WHAT THE TASK ASKS:
Taking the line with "Nissan Tiida 1.5L DCI 6MT 2010 Silver" as the first and the line with "What is mLRS?" as the last, set down the lines below exactly, pictures excluded.

RECORDS SUPPLIED:
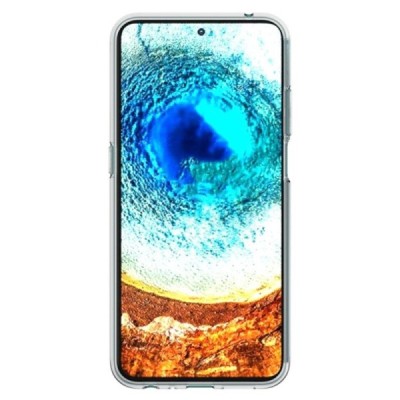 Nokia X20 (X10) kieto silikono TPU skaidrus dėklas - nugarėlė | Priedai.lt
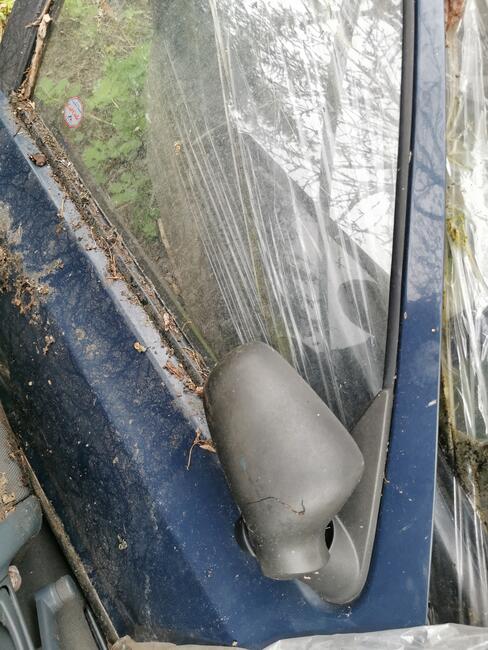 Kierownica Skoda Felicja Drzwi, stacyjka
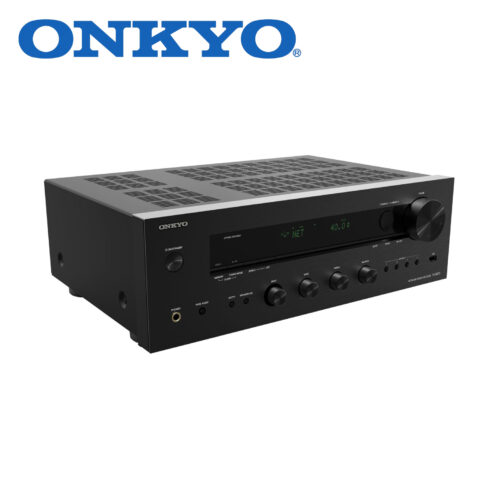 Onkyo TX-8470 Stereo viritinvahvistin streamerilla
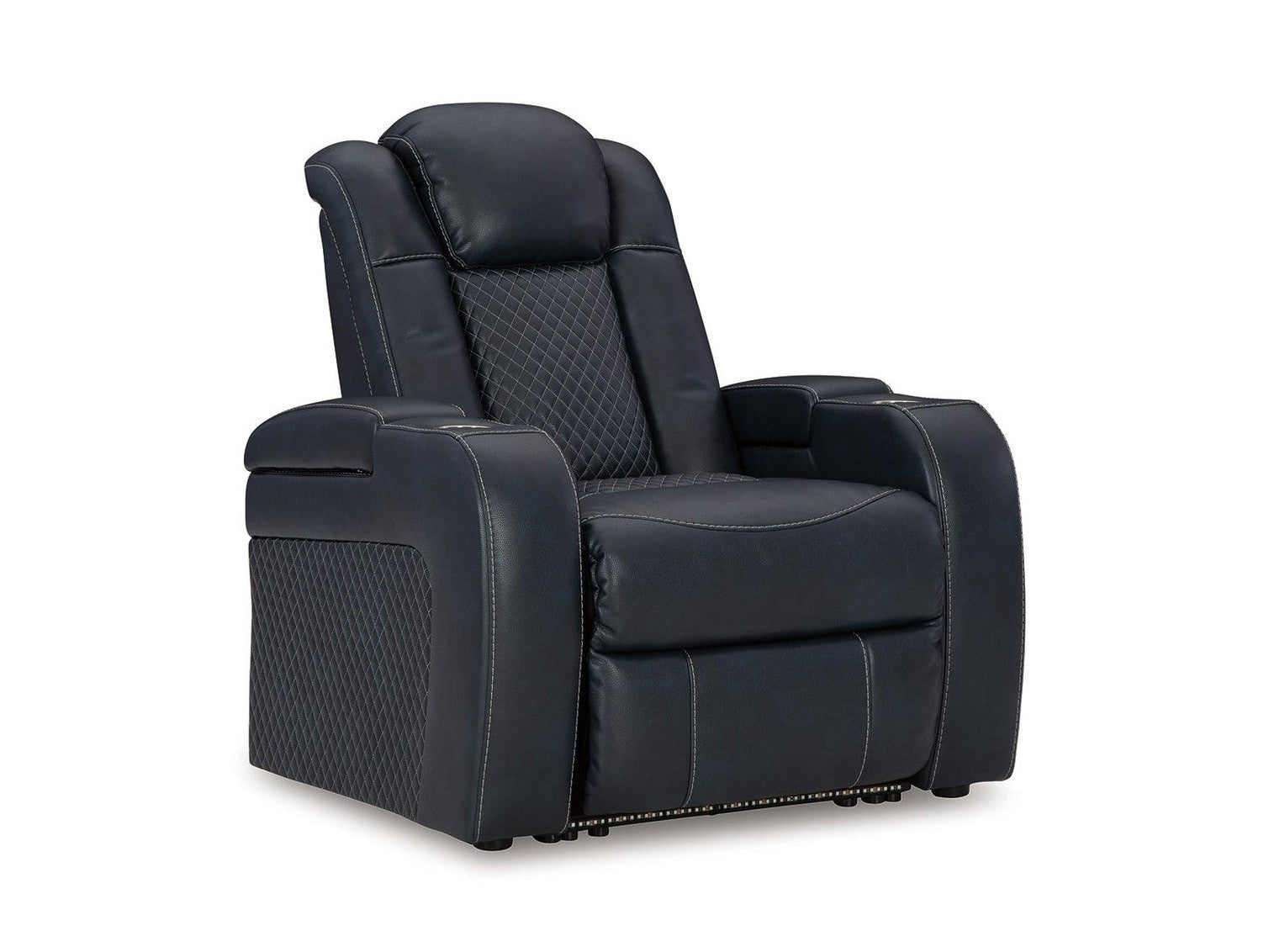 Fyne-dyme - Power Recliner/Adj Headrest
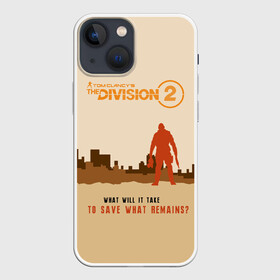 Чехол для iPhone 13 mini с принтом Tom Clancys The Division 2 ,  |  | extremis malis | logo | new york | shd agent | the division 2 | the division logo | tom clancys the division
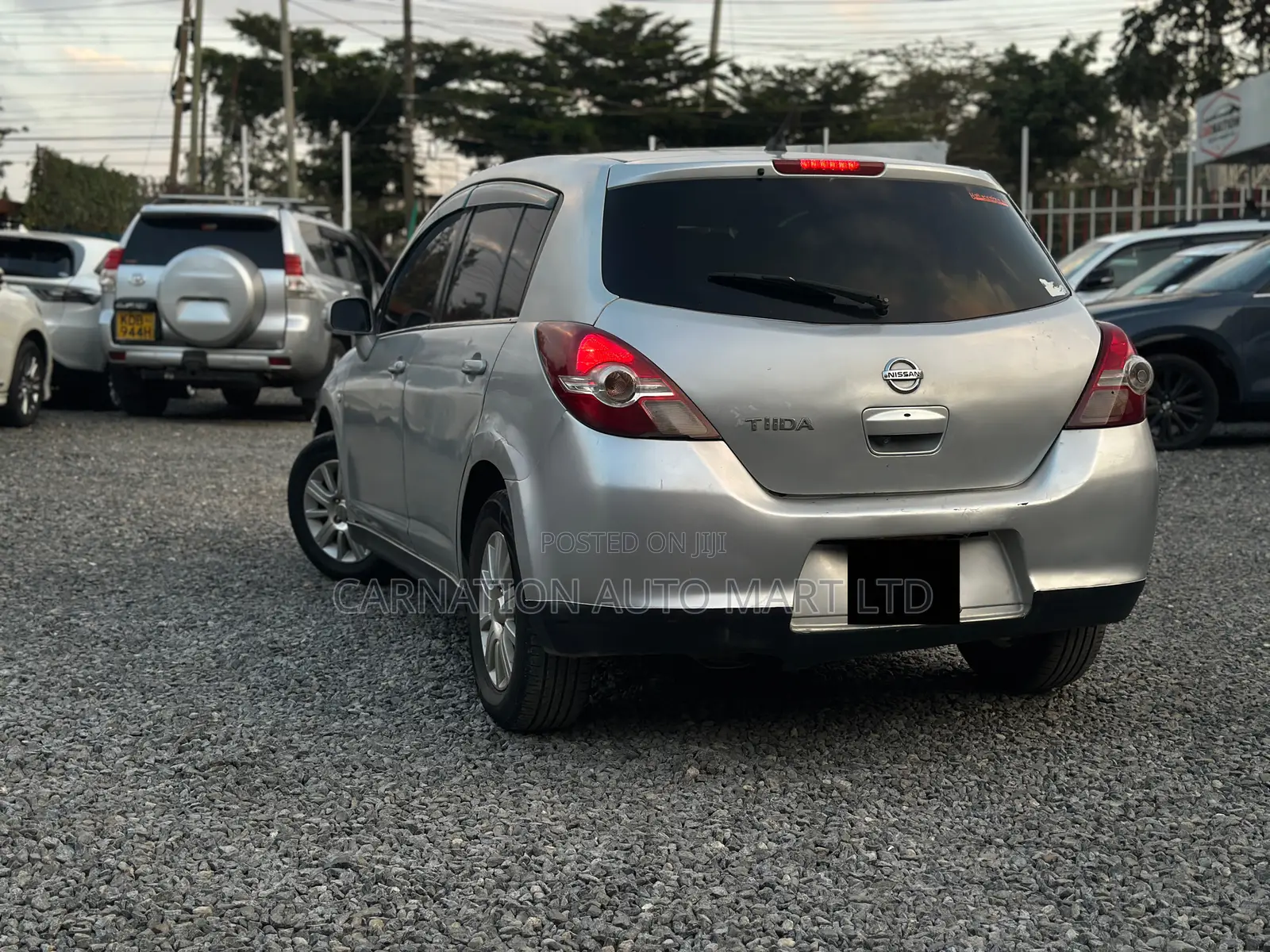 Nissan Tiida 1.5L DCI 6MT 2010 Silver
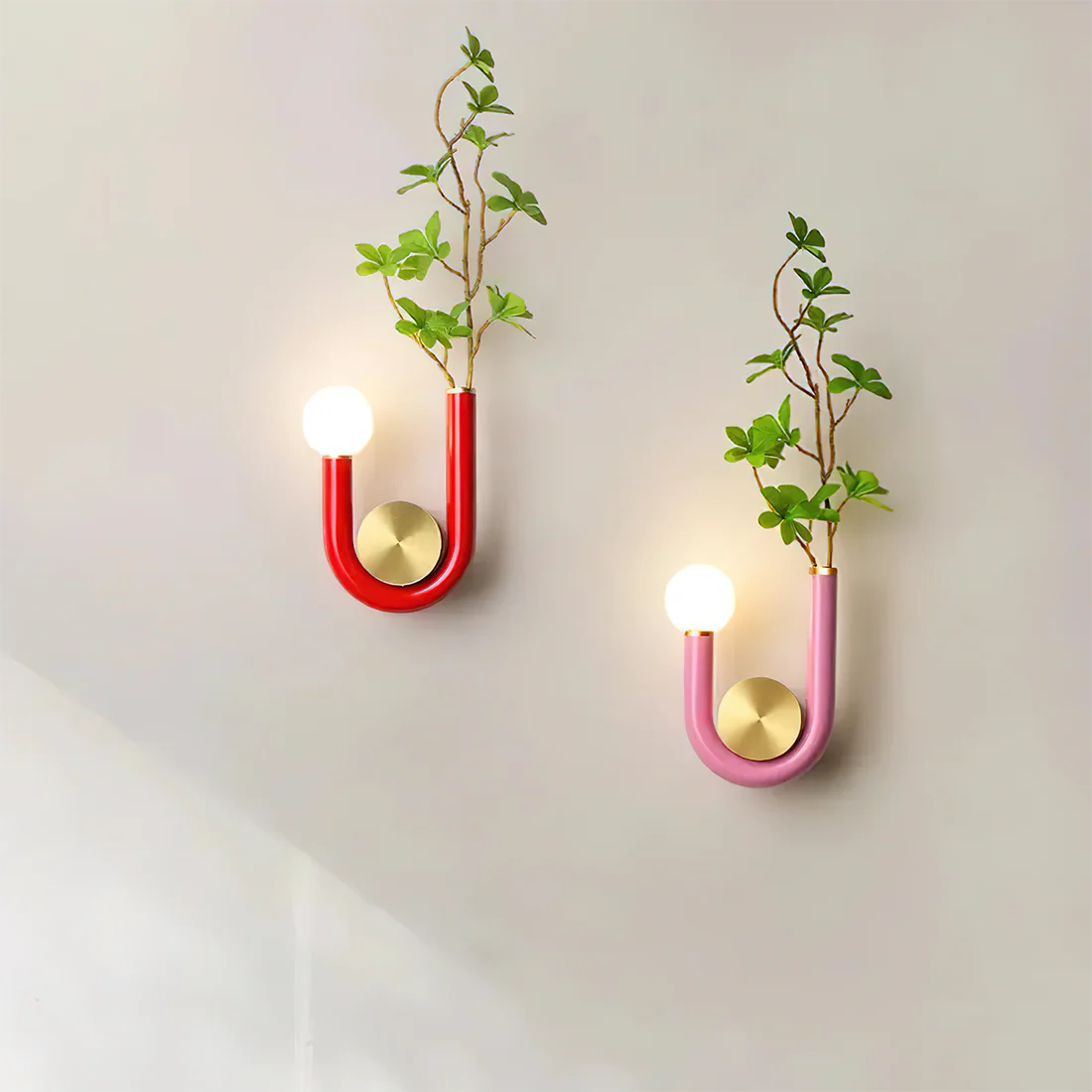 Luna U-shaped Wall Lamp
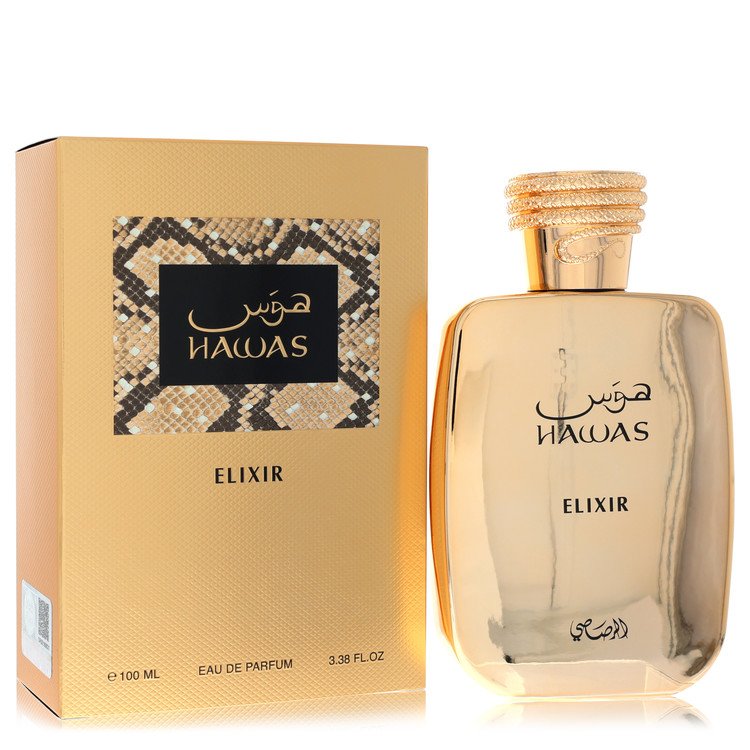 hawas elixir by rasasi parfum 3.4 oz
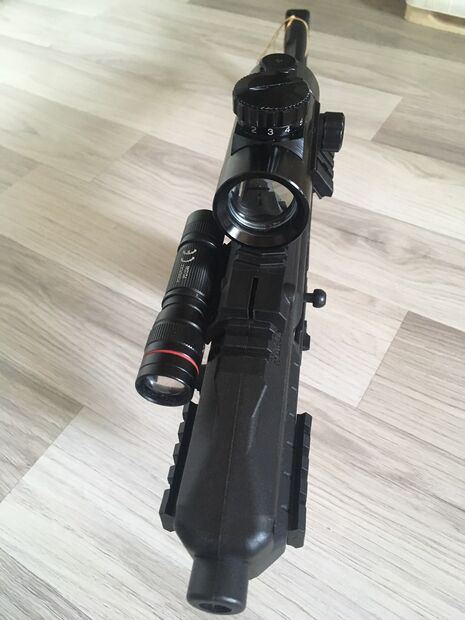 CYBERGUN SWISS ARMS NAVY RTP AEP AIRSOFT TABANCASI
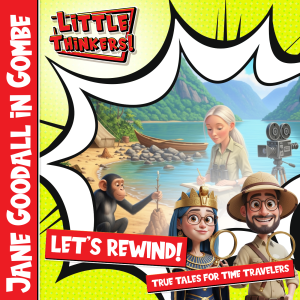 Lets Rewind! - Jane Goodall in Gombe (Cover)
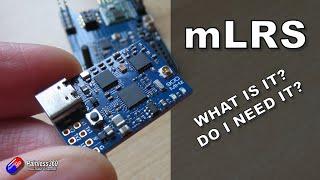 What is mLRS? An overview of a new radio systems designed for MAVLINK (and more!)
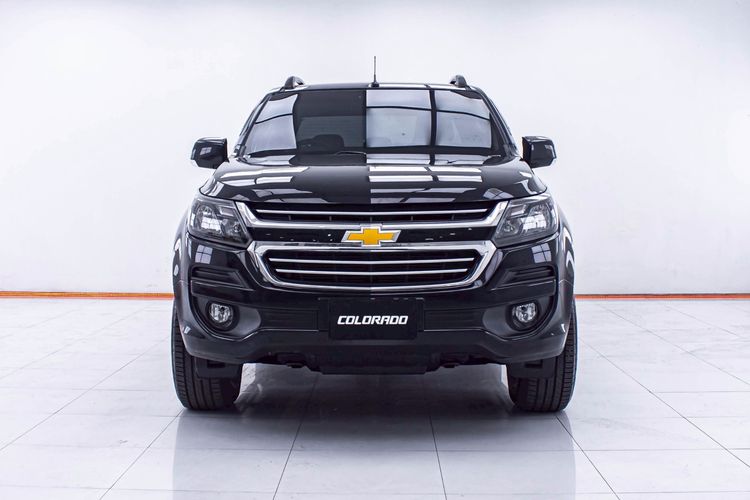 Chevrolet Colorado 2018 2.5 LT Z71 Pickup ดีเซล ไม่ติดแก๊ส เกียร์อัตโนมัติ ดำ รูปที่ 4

REPLY TO THE TASK:
 Nissan Tiida 1.5L DCI 6MT 2010 Silver
 Luna U-shaped Wall Lamp
 hawas elixir by rasasi parfum 3.4 oz
 CYBERGUN SWISS ARMS NAVY RTP AEP AIRSOFT TABANCASI
 Lets Rewind! - Jane Goodall in Gombe (Cover)
 What is mLRS? An overview of a new radio systems designed for MAVLINK (and more!)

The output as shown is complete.